One Bedroom: King in master, queen murphy bed in living area. Maximum occupancy 4.

One Bedroom - Special Needs: King in master, queen murphy bed in living area. Grab bars, roll under sink, roll-in Shower. Maximum occupancy 4.

Two Bedroom Queen: King in master, queen in second bedroom, queen murphy bed in living area. Maximum occupancy 6.

Two Bedroom - Special Needs Twin: King in master, twins in second bedroom, queen murphy bed in the living area. Grab bars, roll under sink, roll-in Shower. Unit on the ground floor.Maximum occupancy 6.

Two Bedroom Twin: King in master, twins in second bedroom, queen murphy bed in living area. Maximum occupancy 6.

Three Bedroom: King in master, queen in second, twins in third bedroom, queen murphy bed in the living area.

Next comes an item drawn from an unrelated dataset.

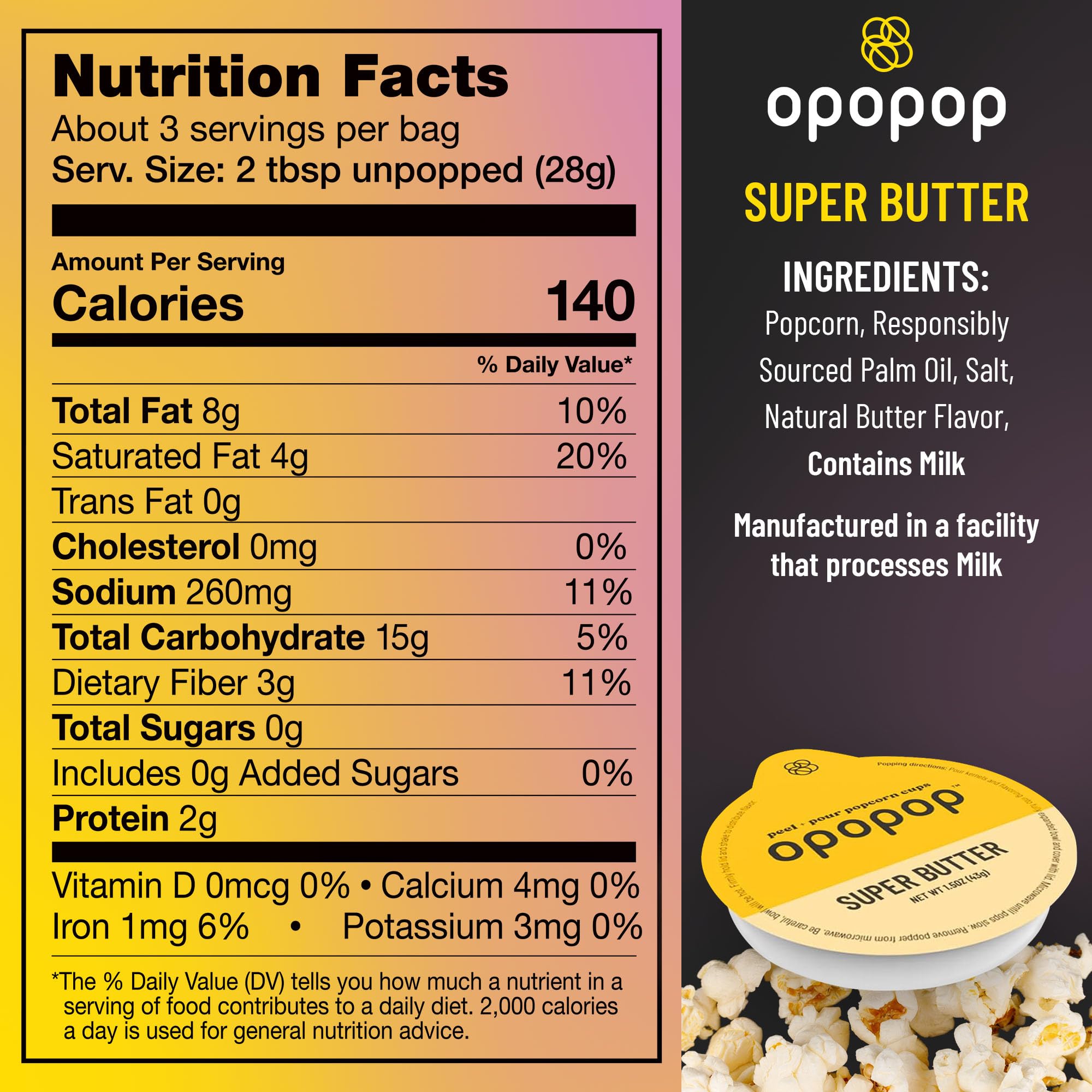 Opopop lid peel and pour setup for quick microwave popcorn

Two Bathrooms. Maximum occupancy 8.

Three Bedroom - Special Needs: King in master, queen in second, twins in third bedroom, queen murphy bed in the living area. Grab bars, roll under sink, roll-in Shower.Unit on the ground floor.Maximum occupancy 8.

Penthouse - Three Bedroom: King in Master, King in second bedroom and twin beds in the third bedroom. Unit has hot tubspa on deck. Maximum occupancy 6.

Penthouse - Three Bedroom - Special Needs: King in master, king in second, twins in third bedroom. Spa on deck, grab bars, roll under sink, roll-in Shower. Maximum occupancy 6.

Presidential - Three Bedroom: 2 master suites both with King beds and whirlpools in the bathrooms. Twins in third bedroom and a hot tubspa on deck. Maximum occupancy 6.

Presidential - Three Bedroom - Special Needs: 2 master suites both with King beds and whirlpools in the bathrooms. Twins in third bedroom and a spa on deck. Grab bars, roll under sink, roll-in Shower. Maximum occupancy 6.

Presidential - Four Bedroom: 2 master suites both with King beds an whirlpools in the bathrooms,twins in third and twins in fourth bedroom. Hot tub Spa on deck. Maximum occupancy 8.

Presidential - Four Bedroom - Special Needs: 2 master suites both with King beds an whirlpools in the bathrooms, twins in third and twins in fourth bedroom. Spa on deck. Grab bars, roll under sink, roll-in Shower. Maximum occupancy 8.


----------